Éditorial du dimanche 20 avril 2025
Ann Montreuil, éditorialiste

Image générée par AI: Plantes, Sol. Utilisation gratuite

En ces temps où on se fait marteler de nouvelles économiques, de menaces de tarifs avec tous les chamboulements et incohérences associés, je vous propose le thème de la gratuité tel un oasis où il fait bon se poser.

La gratuité fait référence à ce qui est donné ou fait sans contrepartie pécuniaire ou encore caractérisé par ce qui est injustifié ou désintéressé. En fait, le produit ou service gratuit n’est pas forcément débarrassé du coût mais du prix, ce qui peut contribuer à sa noblesse.

Certes, je vous convie à aller en dehors des sentiers du markéting où, bien souvent, la gratuité est un leurre pour attirer l’attention du consommateur, lui donner l’impression de faire une bonne affaire avant de se faire hameçonner dans un deuxième temps.

Je veux sortir aussi du concept complexe de gratuité au sein de nos organisations gouvernementales (santé, éducation…) qui implique des choix de société fondés sur l’équité et la solidarité.

C’est le geste individuel pouvant être posé par tous et chacun qui m’interpelle, cet élan qui n’attend rien. Je le perçois comme source d’eau vive qu’il ne faut pas retenir, qui irriguera ce qui a besoin de l’être par simple consentement, par confiance.

La gratuité implique de ne pas calculer, ne pas chercher à contrôler, devenir libre et distant par rapport au résultat, se détacher de son égo, être simplement disponible au Souffle.

À travers le bénévolat, plusieurs offrent de leur temps et talents au profit d’autrui. Ils sortent de la logique de l’échange marchand (donner pour avoir) ou de l’action publique (donner par devoir) pour obéir à l’expression d’une fraternité.

Je n’exclus pas que la gratuité puisse s’accueillir aussi à travers un service rémunéré lorsque la préposée au bénéficiaire, le marchand, la coiffeuse, l’avocat, le libraire… ajoutent cette touche personnelle d’attention, de présence à l’autre qui ne se quantifie pas, qui n’est pas stipulée dans son contrat. Il y a offre, don de soi, de sa sensibilité, main ou âme tendue.

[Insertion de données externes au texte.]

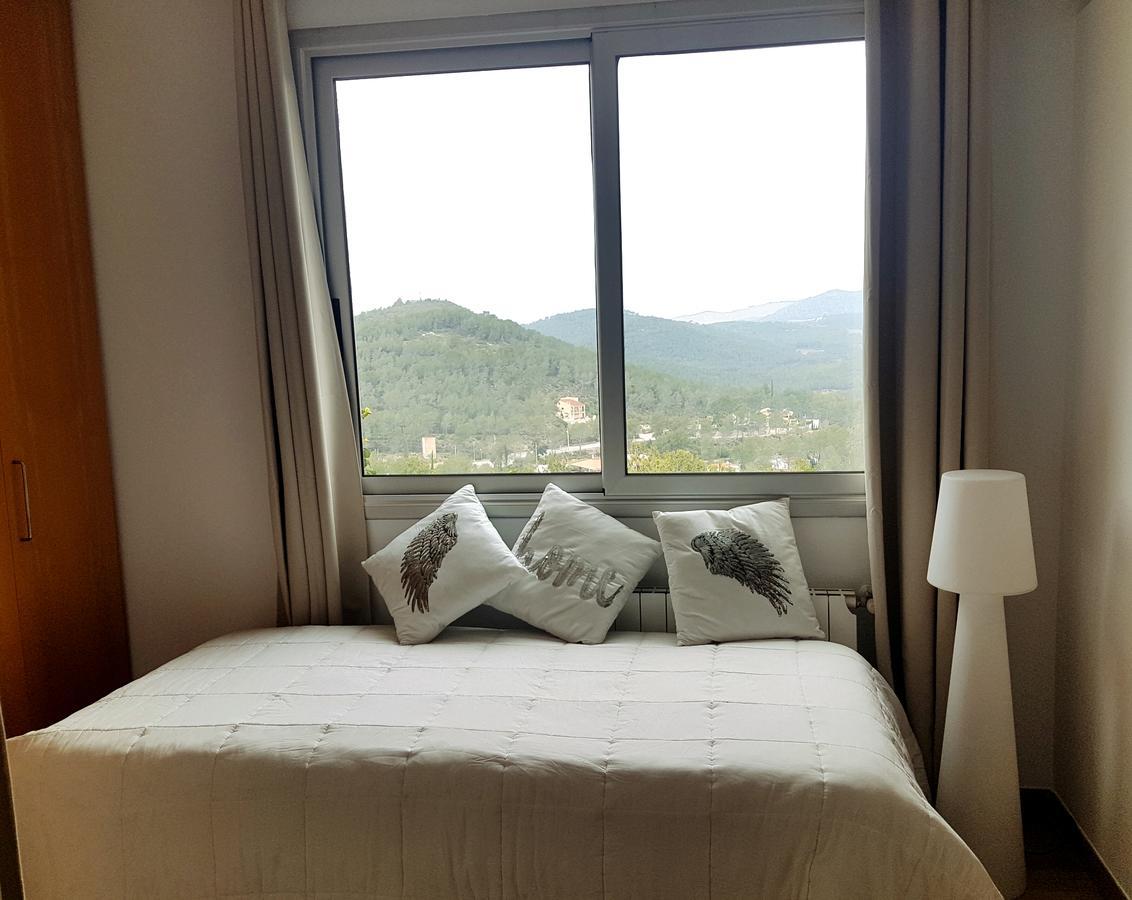 Villa Mur - Espectacular Villa Cerca De Sitges Y Bcn Olivella 外观 照片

Que dire de ces tricoteuses qui façonnent bonnets et bas pour garder au chaud des gens qu’elles ne verront jamais.

Que dire de ces gens qui trient dans les entrepôts trop froids ou trop chauds en vue de la distribution des biens pour ceux qui en sont dépourvus.

Que dire de la puissance du sourire offert, du simple bonjour échangé en croisant nos chemins, du siège cédé dans le bus bondé, de la musique du troubadour.

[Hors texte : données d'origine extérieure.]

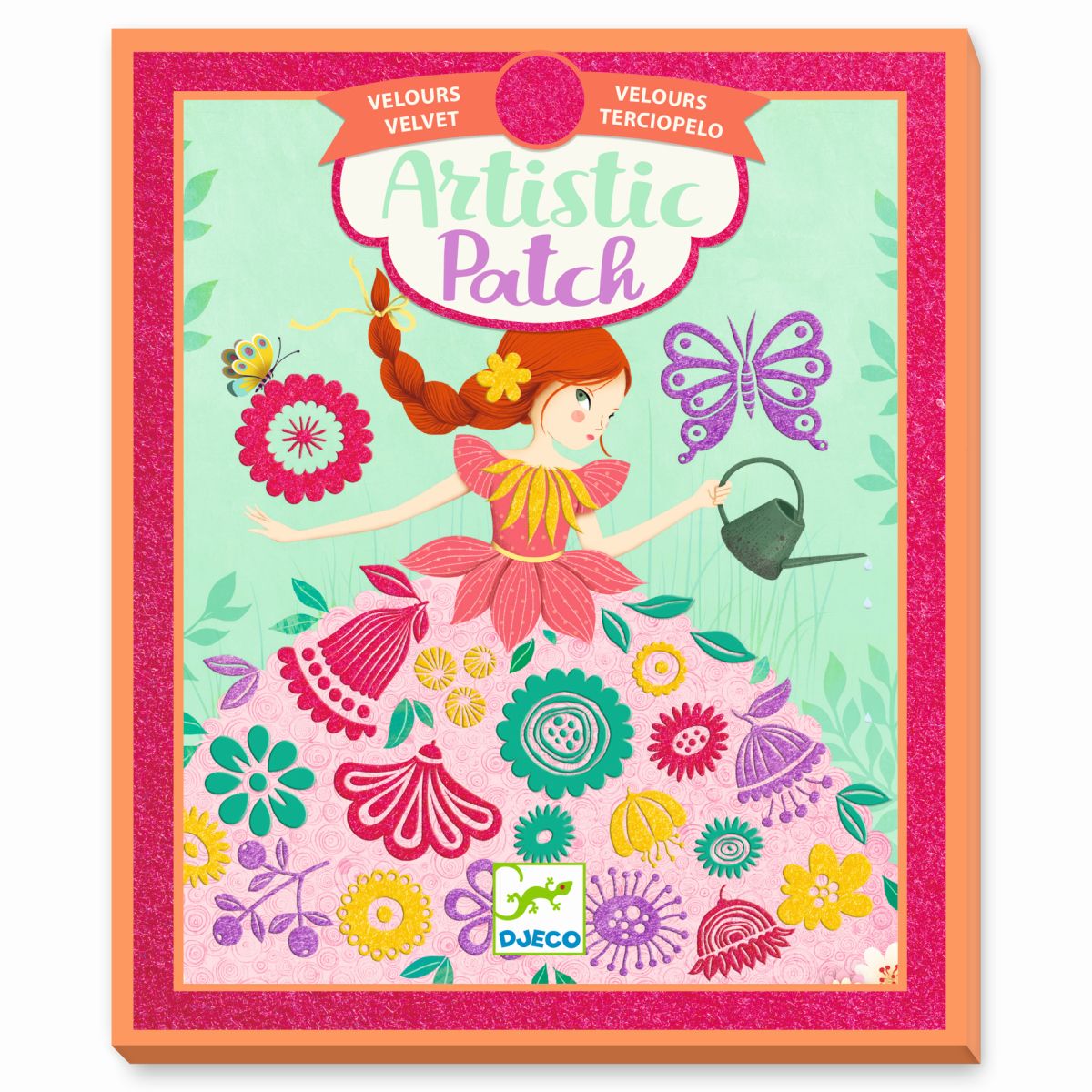 Artistic Patch kleine Ladys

Que dire de la dédicace appuyé d’un regard, du bras offert pour descendre l’escalier, de l’appel ou de la visite inattendue pour signifier qu’on compte dans le cœur de l’autre.

Que dire de ceux qui se lèvent avec leur pancarte pour réclamer justice pour les affligés ou pour s’élever contre les attaques faites à notre planète.

Que dire de ceux qui prient dans le silence de leur chambre en rejoignant ainsi l’esseulé dans sa peine et son désarroi.

La gratuité est accessible à tous, prend les couleurs de chacun. Le mode d’emploi est simple: Faire à l’autre ce qu’on apprécie soi-même. Si tu aimes les fleurs, offre-en; si tu as le bec sucré, ouvre et tend ta boîte de chocolat; si tu as la voix d’un rossignol, partage-la; si la joie t’habite, ne l’enferme pas.

C’est une façon d’oser prendre sa place, celle qui nous est attribuée et y être accueil pour l’autre qui nous croise, se sentir disponible à se faire transporter par l’instant.

Le coût est nul pour celui qui reçoit mais le prix est parfois inestimable dans la mesure où la pleine liberté de celui à qui on offre est respectée. Citons Paul Valery: «L’homme sait assez souvent ce qu’il fait mais il ne sait jamais ce que fait ce qu’il fait». Il y a donc une part de confiance et de spontanéité nécessaire de même qu’un appel à être outil de plus grand que nous.

Cela ne veut pas dire qu’il ne nous en coûte pas de donner un peu de soi. Bien que par définition la gratuité implique qu’il n’y a pas d’attente d’un quelconque retour, bien souvent une réciprocité est obtenue. La valeur créée est non pas valeur d’échange mais de liens.

Comme le disait Louis Pauwels «Le progrès n’est pas de renforcer les parenthèses mais de multiplier les traits d’union.»

En ce temps pascal, moment du Don Ultime consenti par Amour au-delà de tout entendement, embrassons cette invitation à donner à notre tour un peu de soi, de notre vie, avec et par Lui.